Something like this:
CREATE TABLE plugins
(
plugin_name text not null primary key,
common_int_attribute integer not null,
common_text_attribute text not null,
plugin_atttributes hstore
)
Then you can do something like this:
INSERT INTO plugins
(plugin_name, common_int_attribute, common_text_attribute, hstore)
VALUES
('plugin_1', 42, 'foobar', 'some_key => "the fish", other_key => 24'),
('plugin_2', 100, 'foobar', 'weird_key => 12345, more_info => "10.2.4"');
This creates two plugins named plugin_1 and plugin_2
Plugin_1 has the additional attributes "some_key" and "other_key", while plugin_2 stores the keys "weird_key" and "more_info".
You can index those hstore columns and query them very efficiently.
The following will select all plugins that have a key "weird_key" defined.
SELECT *
FROM plugins
WHERE plugin_attributes ? 'weird_key'
The following statement will select all plugins that have a key some_key with the value the fish:
SELECT *
FROM plugins
WHERE plugin_attributes #> ('some_key => "the fish"')

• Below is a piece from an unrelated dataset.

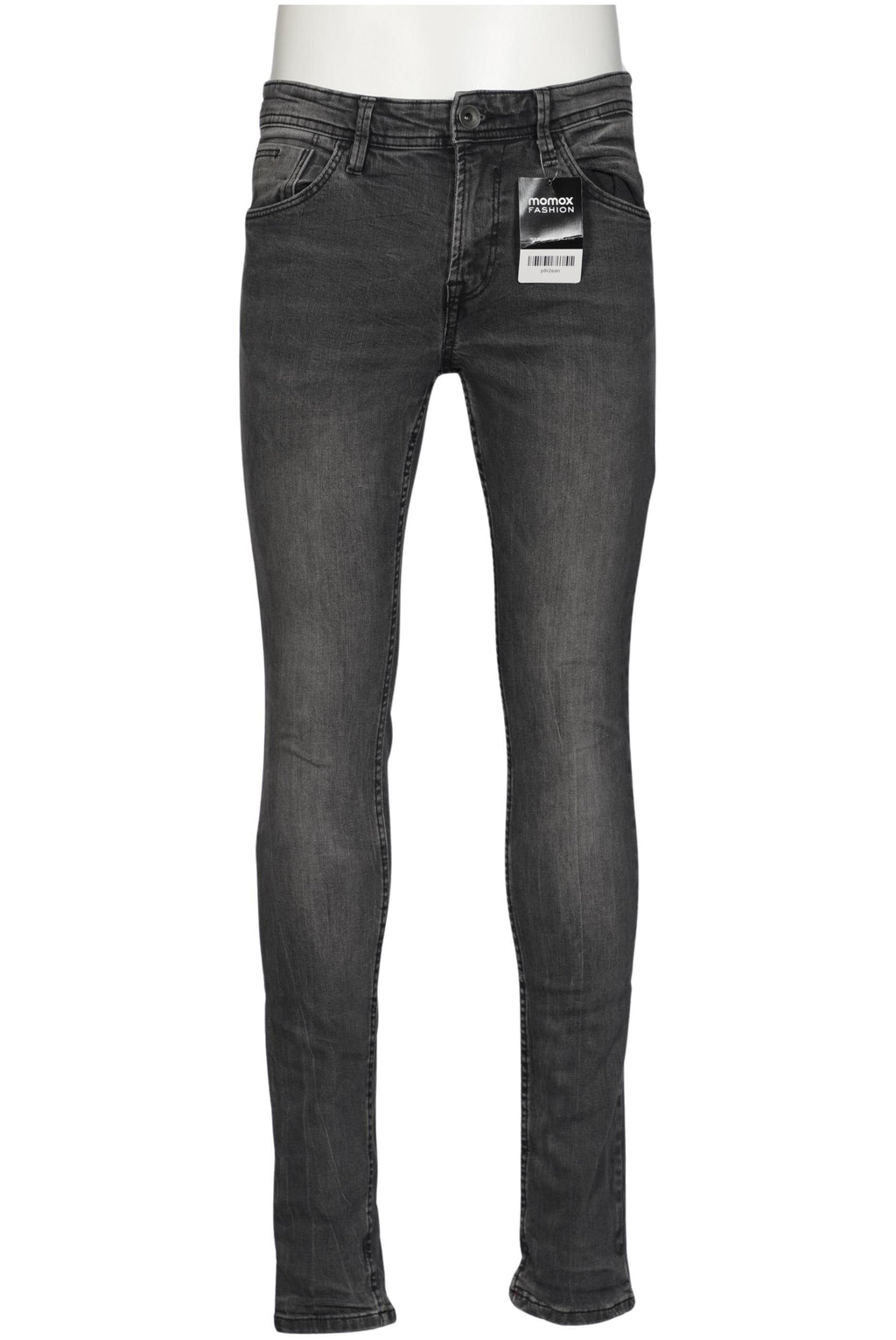 Tom Tailor Men Jeans Gray W29 9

Much more convenient than using an EAV model in my opinion (and most probably a lot faster as well).
The only drawback is that you lose type-safety with this approach (but usually you'd lose that with the EAV concept as well).
You don't need an application catalog. Just add the application name to the keys of the table. This of course assumes that all the tables have the same structure. If not: use the application name for a table name, or as others have suggested: as a schema name( which also would allow for multiple tables per application).
EDIT:
But the real issue is of course that you should first model your data, and than build the applications to manipulate it. The data should not serve the code; the code should serve the data.